START Data for processing
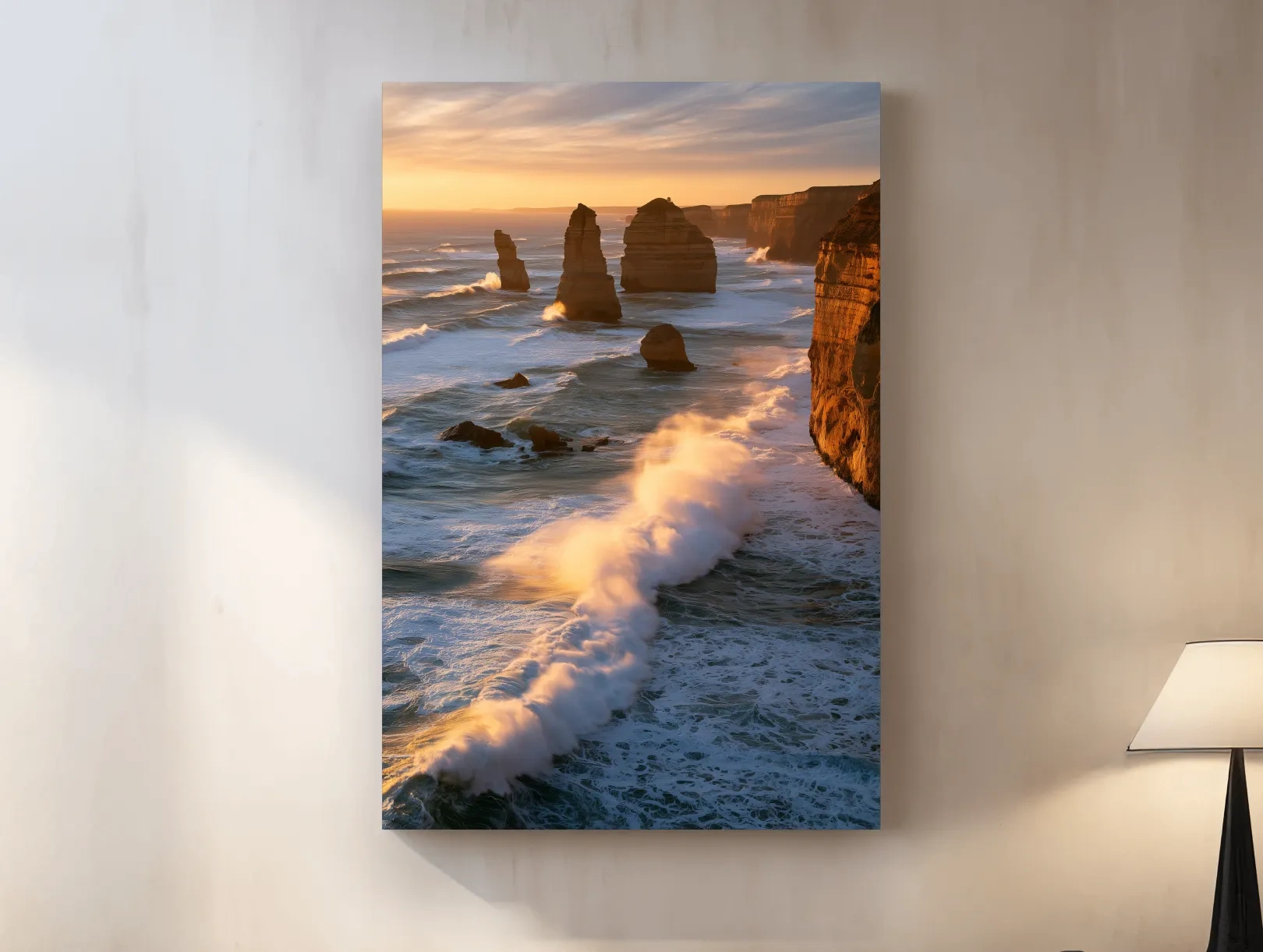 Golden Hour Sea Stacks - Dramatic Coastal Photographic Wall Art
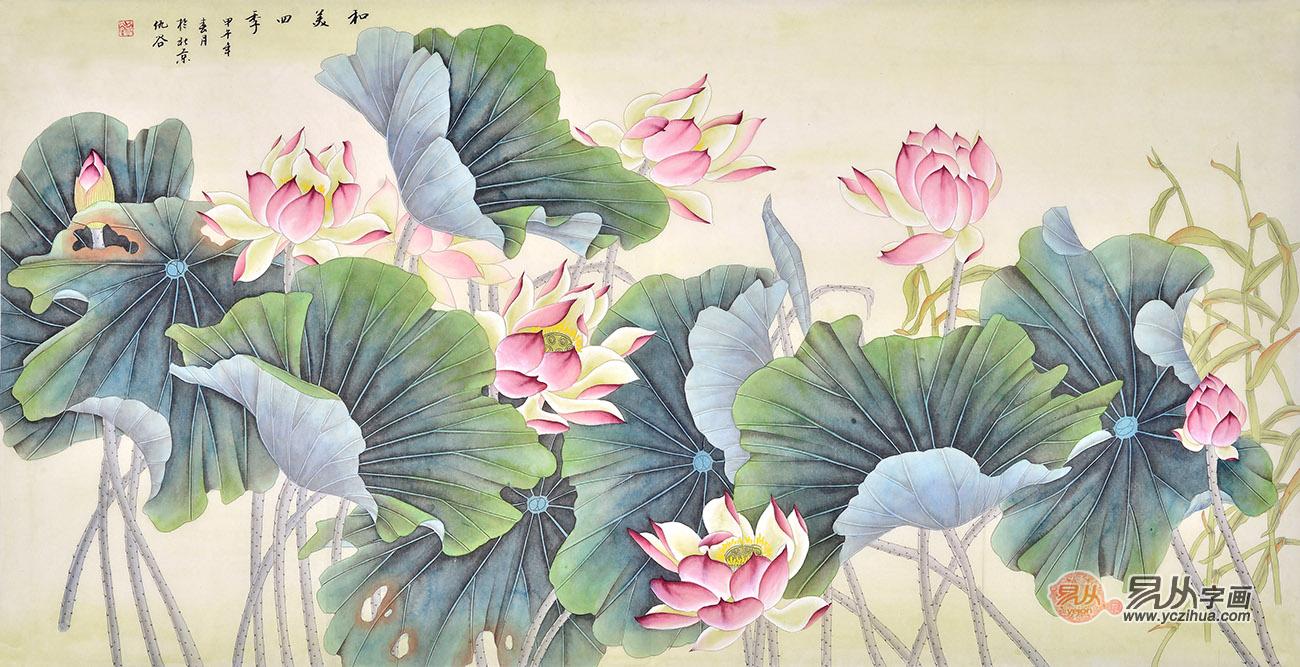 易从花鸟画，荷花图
END Data for processing
START Data for processing
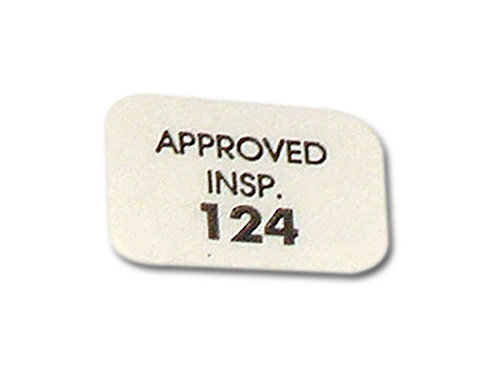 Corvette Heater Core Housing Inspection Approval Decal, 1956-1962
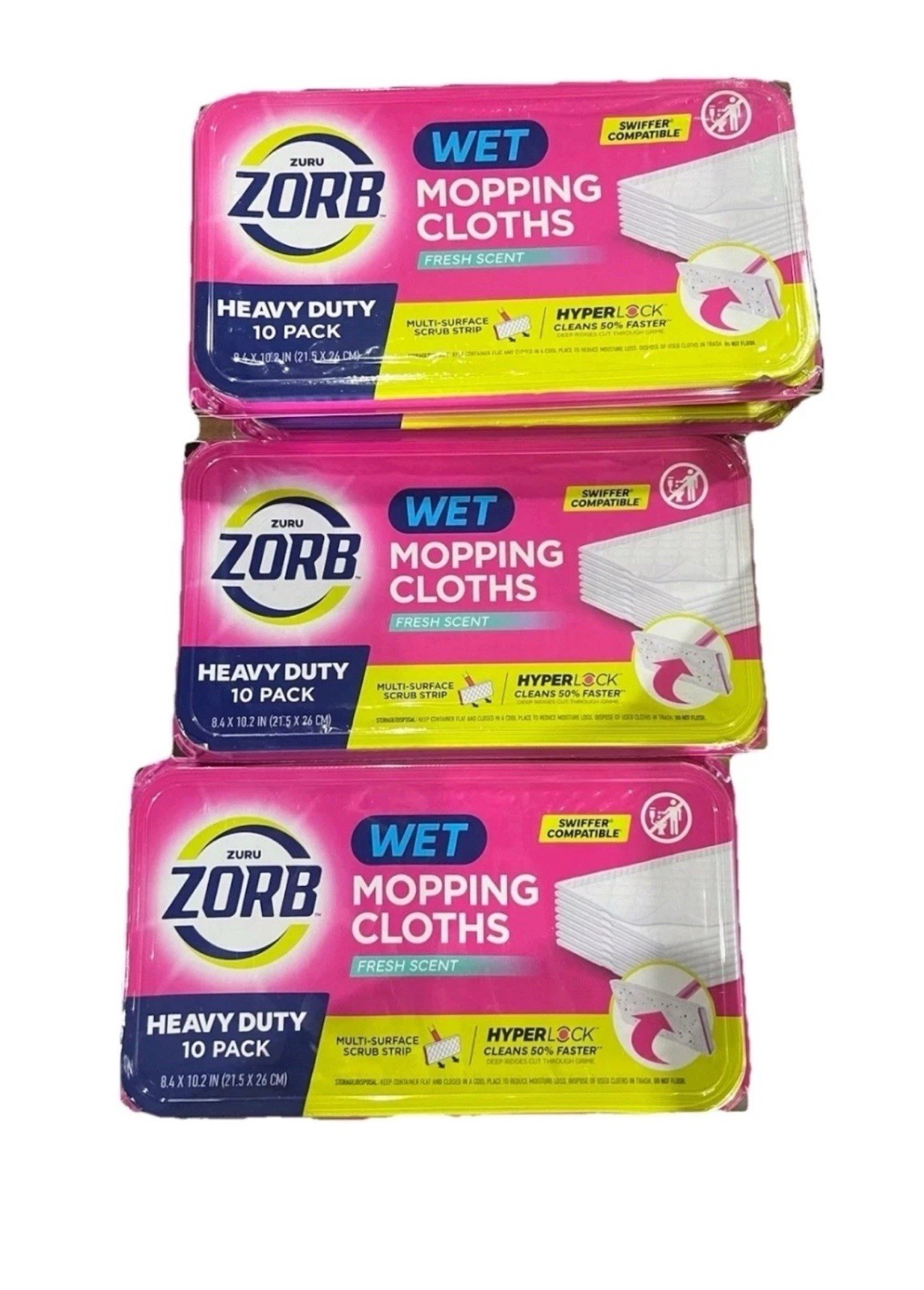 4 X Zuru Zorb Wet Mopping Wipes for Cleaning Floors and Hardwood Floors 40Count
END Data for processing
**Required work:** Look above for the line with "Corvette Heater Core" and the line with "4 X Zuru Zorb", then copy exactly the lines from the first through the second, both kept, with no pictures.

**Exercise solution:**
 Corvette Heater Core Housing Inspection Approval Decal, 1956-1962
 4 X Zuru Zorb Wet Mopping Wipes for Cleaning Floors and Hardwood Floors 40Count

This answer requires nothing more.